月刊誌の編集をしていると、生活リズムも1ヶ月単位になる。作家と会ったり作品を読んだり、映画館や劇場に足を運ぶ余裕がある上旬。校了に向けて、原稿やゲラの出入りが加速する下旬。その緩急の中間状態にある中旬。
年単位のリズムもある。年に一度の新潮新人賞や三島由紀夫賞は数ヶ月の準備時間を要するし、4月のGW進行や12月の年末進行は連休中、印刷所がストップするため、通常よりも少ない日数で1号を作り上げるから慌しい(もちろん一番大変なのは締切が繰り上がる執筆陣)。
だが、創刊100年を超える文芸雑誌の編集をしていると、月や年とは違うリズム、いささか大仰に言えば、数十年、百年単位の世界の変化に対応した人間の想像力の運動を感じることがある。たとえば、軽い気持ちで短い原稿を依頼した1920年代生まれのベテラン作家が、第2次大戦の記憶を生々しく現在に召喚する瞬間。

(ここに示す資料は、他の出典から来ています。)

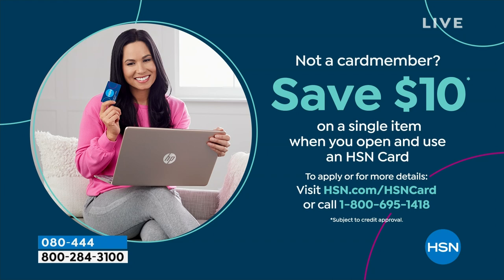Shopping at HSN makes it really easy and affordable, and you can save $10 on a single item when you open and use a brand new HSN card. Visit hsn.com/hsncard for all the details.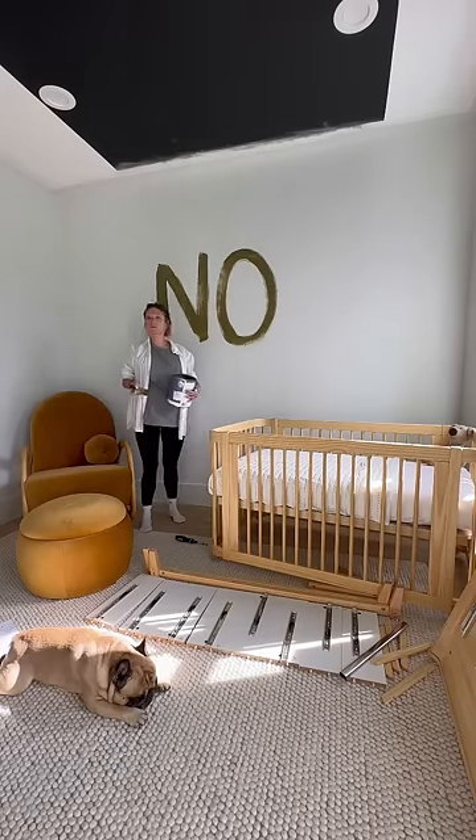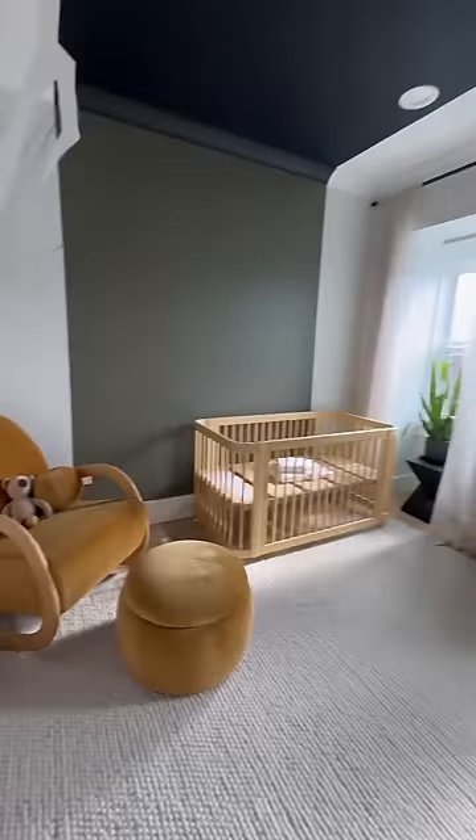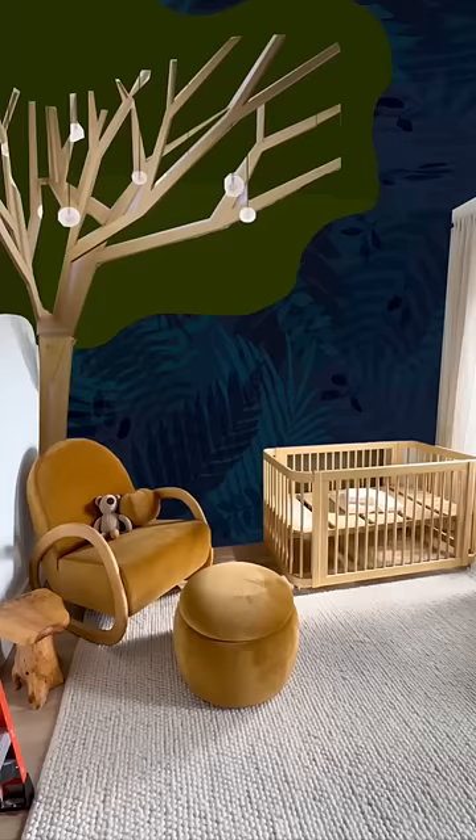I don't want soft colors in my nursery because everyone does that. What I want is to pack a punch with something bold and mysterious.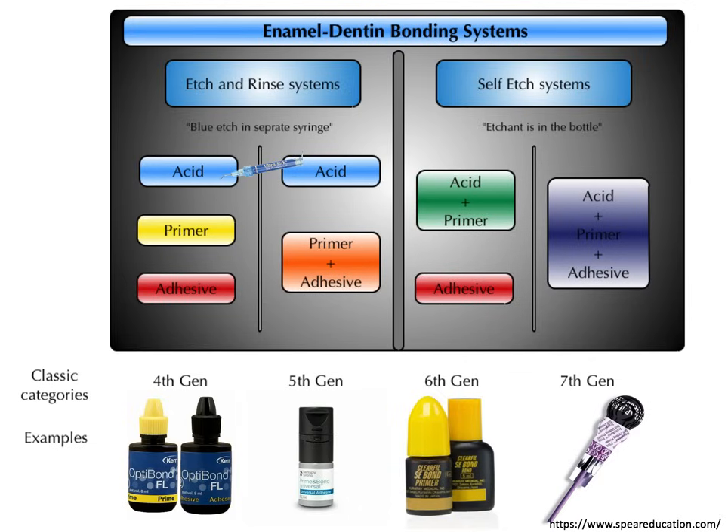So let's unpack a really helpful chart in order to better understand the four generations of bonding systems most commonly used today and most commonly tested on the board exam. This might seem super overwhelming, but we're going to go through it step by step. We'll start with the left side of the chart first, with the total etch, otherwise known as etch-and-rinse systems.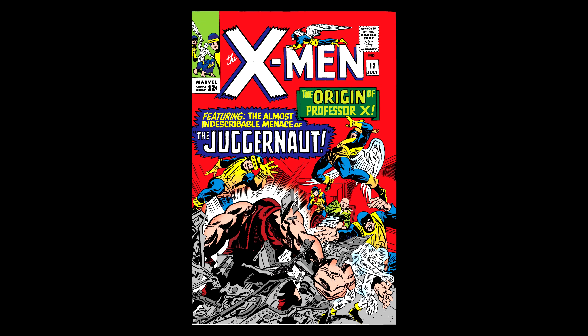Coming in at number 10 we have X-Men #12, graded CGC 6.5 with off-white to white pages. This is the origin of Professor X as well as the first appearance of Cain Marko, better known as the Juggernaut. It's also the first mention of the Cyttorak, whose crimson gem is actually what creates the monster known as Juggernaut. In this issue it describes Charles and Cain's relationship when they were children — Cain was Charles's older stepbrother who turned out to be a cruel tormentor. When they were older they enlisted in the military and were sent off to Korea. Cain ends up deserting and stumbles upon the long-lost temple of Cyttorak. Despite desperate warnings from Charles, he snatches up a crimson gem left by an altar and transforms into the Juggernaut. This is an incredible story from Stan Lee and Jack Kirby.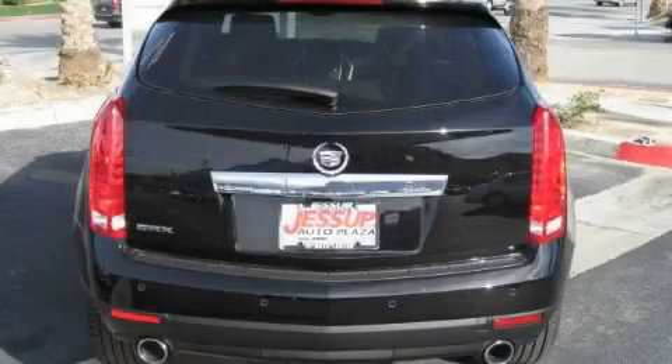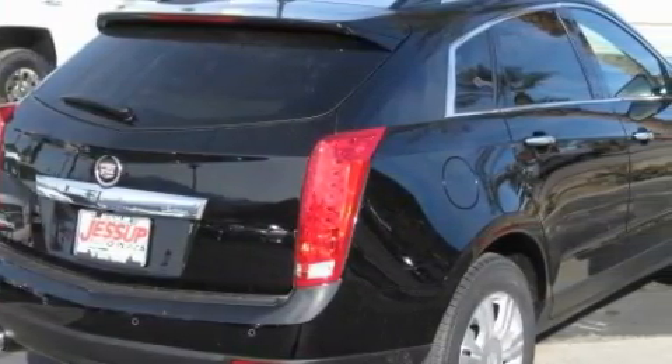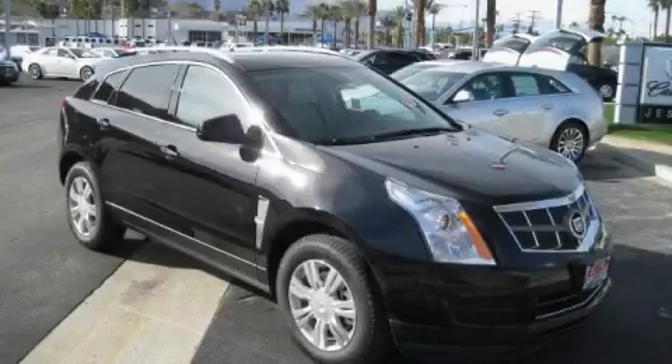It features a 3.0-liter six-cylinder engine and an automatic transmission. This SUV won't last long at this price. Call and arrange a test drive now.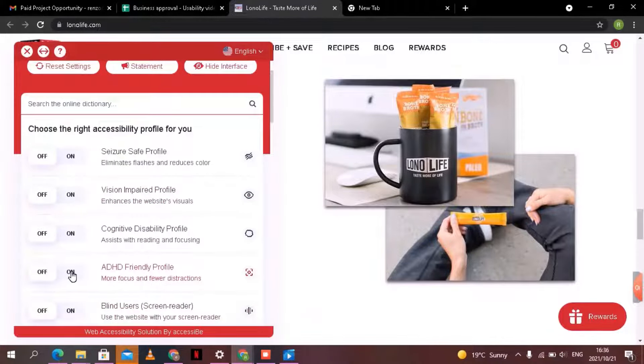I've found a page with a bit more writing and, as you can see, how close everything is together and how much there is — this is intimidating for me because it's hard to focus. So what I'm going to do is turn on the ADHD Friendly Profile again, and you can see now how everything is going to brighten and zoom in.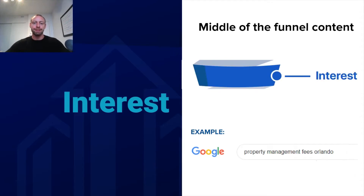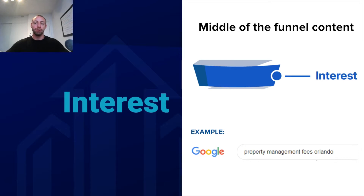The second stage of the content marketing funnel is the interest stage — middle-of-the-funnel content. You want to reach people who have an interest in property management services but don't yet know about your company. An example of something they might search is 'property management fees' in whatever location your company is located. These are people in that phase where they're interested in possibly hiring a property management company, don't know which one yet, and are doing more research. You want to bring these people into your website, set up retargeting ads, and stay top of mind so that when they're ready to make that buying decision, your company is the one that comes to mind.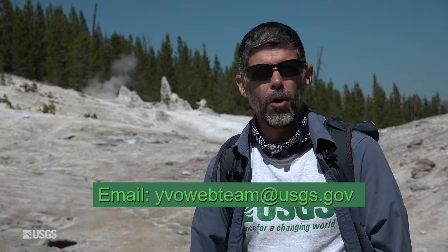That does it for the monthly update of the Yellowstone Volcano Observatory. If you enjoyed this, please hit like and subscribe, and remember you can always drop us a line — leave a question in the comments or send us an email at yvowebteam@usgs.gov. From Monument Geyser Basin, stay safe, stay healthy, and we will see you next time.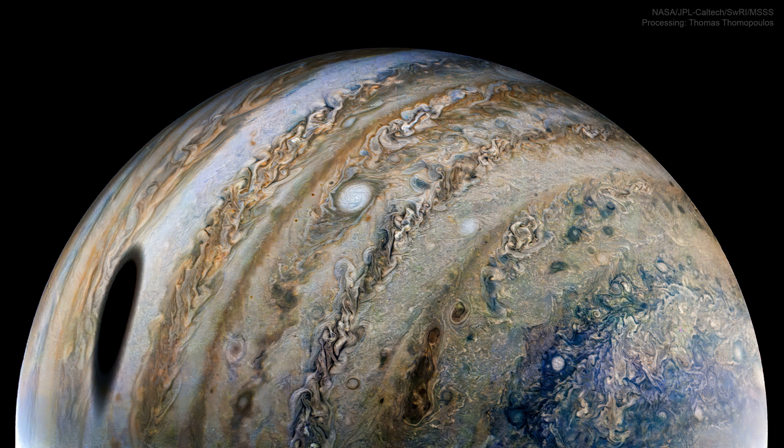When Jupiter's moons cross between the Jovian Giant and the Sun, they create shadows just like when the Earth's moon crosses between the Earth and the Sun. Also like on Earth, if you were in a dark shadow on Jupiter, you would see a moon completely eclipse the Sun.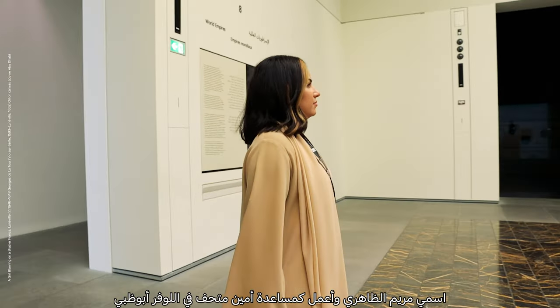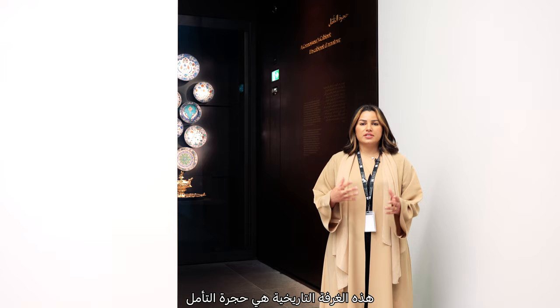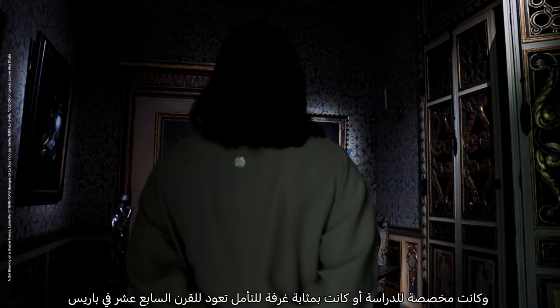I'm Miriam Al-Zahri, Curatorial Assistant at Louvre Abu Dhabi. Today we'll be exploring the first period room introduced to the visitors here in the museum. This period room is a connoisseur's cabinet, dedicated to a study or a studiolo from the 17th century in Paris.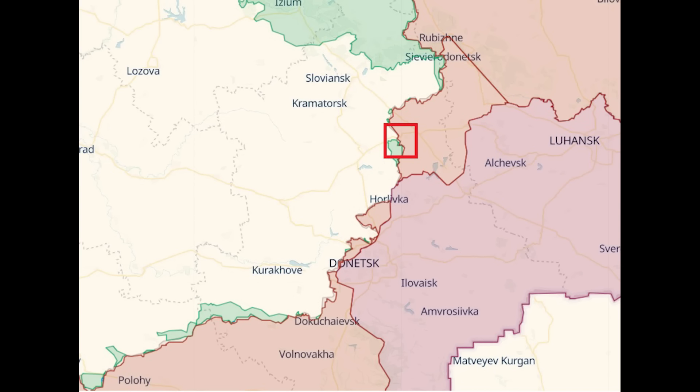Before we finish, here it is zoomed out so you can see it's on the eastern front near Bakhmut. Hope you found this video interesting. Thanks very much for watching, and take care everybody.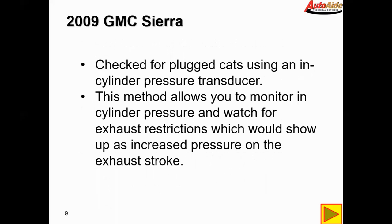We decided to use our in-cylinder pressure transducer to check for a plugged cat. This method allows you to monitor in-cylinder pressure and watch for exhaust restrictions, which would show up as increased pressure on the exhaust stroke. If there's a plugged cat, you can't push exhaust through the exhaust valve, and if there's a restriction there will be back pressure visible on the exhaust stroke in the in-cylinder waveform.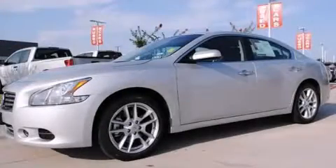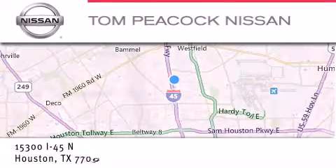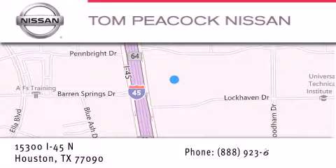Contact us today to arrange your test drive. Tom Peacock Nissan is located at 15300 I-45 North in Houston. Our goal is to exceed all of your expectations to ensure that you'll return for future visits.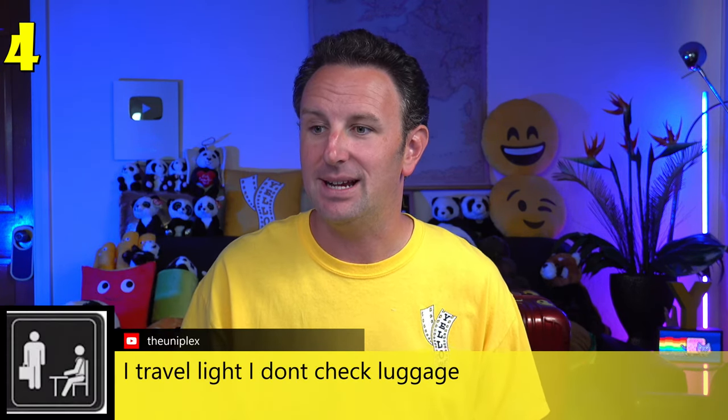A great tip from the comments: put an AirTag in your bag. Back when my luggage was lost, AirTags didn't exist. In normal times, I travel about one to two trips per month.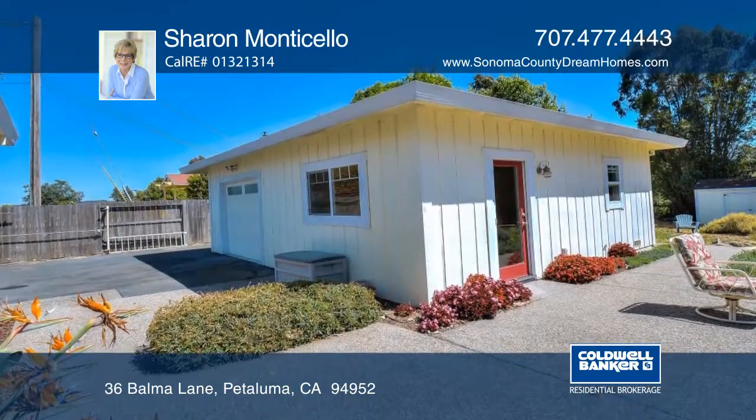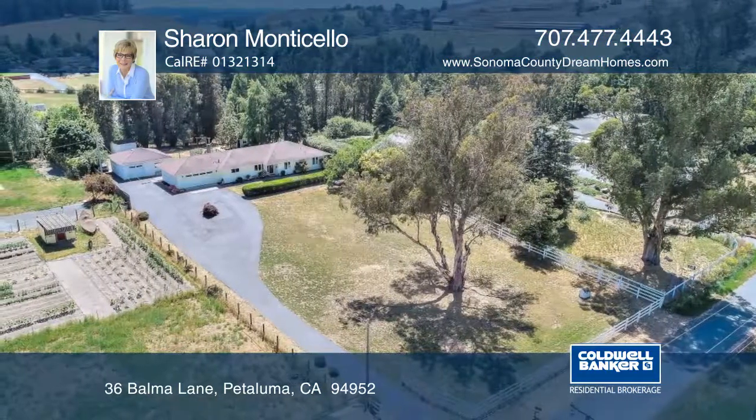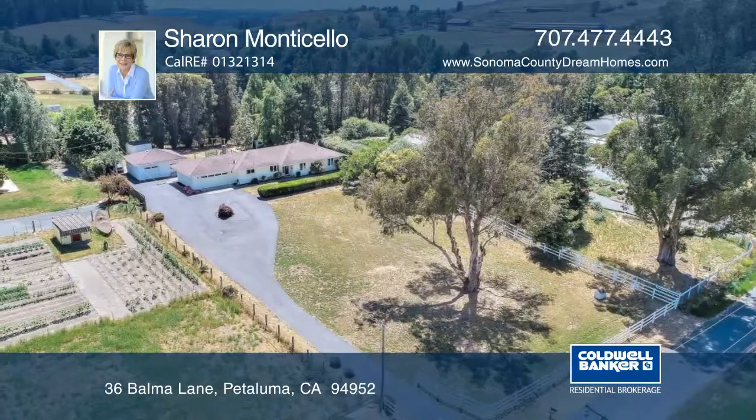The property also includes a detached studio or workshop and an outdoor kitchen. Don't miss out on this fantastic property — make it yours with a call to Sharon Monticello.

あるいは、1980年代生まれの若手作家が、日本の近代化の終焉とインターネット時代の大波に巻き込まれながら言葉を放つ瞬間。もちろん、日本近代文学の曙に書かれた明治の作品の強度に打ちのめされる瞬間もあるだろう。以下は、そんな世紀と年と月のリズムを感じながらの1月の4日間。
1月16日(水)

諸業務。芥川賞の選考を、新潮掲載作品「切れた鎖」で候補になった田中慎弥氏とともに待つ。今回は残念な結果に終わったが、新潮新人賞でのデビューから2年、1作ごとに成長し続ける若い作家は必ず新たな飛翔を遂げるだろう。「切れた鎖」は、地方都市の旧家を舞台に、わずか24時間の作中時間のなかで100年単位の時の流れを掴んだ力作だった。その後、「乳と卵」での受賞者・川上未映子氏の祝宴に合流。とにかく事件の渦中に身を置きたいのが編集者だ。受賞者が帰宅した後も作家A氏と話し続け、新宿2丁目のバー、深夜営業のお粥屋に行って明け方直前に帰宅。
1月17日(木)
諸業務。PR誌とウェブ用の次号予告を書いて、夜は銀座のギャラリー小柳で、ベルリンに住む花代の写真展オープニング。最初の写真集『ハナヨメ』(1996年)を編集して以来、彼女の写真を見続けているが、いまだにカメラの中に小人がいて、レンズ越しの光に悪戯しているとしか思えない不思議な世界。最新展示作と最新写真集『MAGMA』はそんな小人悪戯感に充ちつつも、深みを一段増したように思う。打ち上げ会場を辞して、新宿5丁目のバー「猫目」で作家B氏と対談企画の打ち合わせ。午前2時過ぎに花代が合流してくれた。B氏は花代が向島の芸者だったころからの古い付き合いなのだ。またもや明け方直前に帰宅。
1月18日(金)
午後、銀座で作家C氏と会合。神楽坂で諸業務。夜、古川日出男氏の朗読ギグ(渋谷O-nest)へ。虹釜太郎氏と鈴木康文氏による電子音響と古川氏の声がせめぎあう。もしもほんの僅かでも音楽のボリュームが上がれば朗読(『ロックンロール七部作』より)が聞きとれなくなるだろう状況で、脳内の言語域と音響域がともにフル稼働し、せめぎ合う。未知の意識状態がとてもスリリング。
1月19日(土)

ひさびさに目覚まし時計なしでぐっすり寝て、夕方よりニブロールのダンス公演『ロミオORジュリエット』(世田谷パブリックシアター)。過去にわずか二度しか見ていないニブロールについて公の場で語る資格などないが、相性は決して良くはなかった。だが今回、とりわけ前半部の映像と身体の拮抗には説得力があり、高揚を感じた。エンディング映像の無数の昆虫たちを眺めながら、「動物化するポストモダン」(東浩紀)ならぬ、「昆虫化するポストモダン」という言葉を思う。不可視の繭のなかで孤立する昆虫たち。その羽音によるぎりぎりのコミュニケーション? 会場で会ったチェルフィッチュの岡田利規氏(新潮で優れた小説も発表している)と感想を述べ合い、神楽坂の仕事場経由、終電で三崎港の家へ。
寄稿家プロフィール
やの・ゆたか/1965年岡山県生まれ、文芸誌『新潮』編集長。89年、新潮社に入社し、雑誌『03 TOKYO Calling』創刊編集部に所属。以後、書籍編集者として文芸書、思想書、美術書等を担当し、2003年から現職。趣味は年間百泊する三浦半島三崎港での地魚賞味・調理。音楽・美術鑑賞。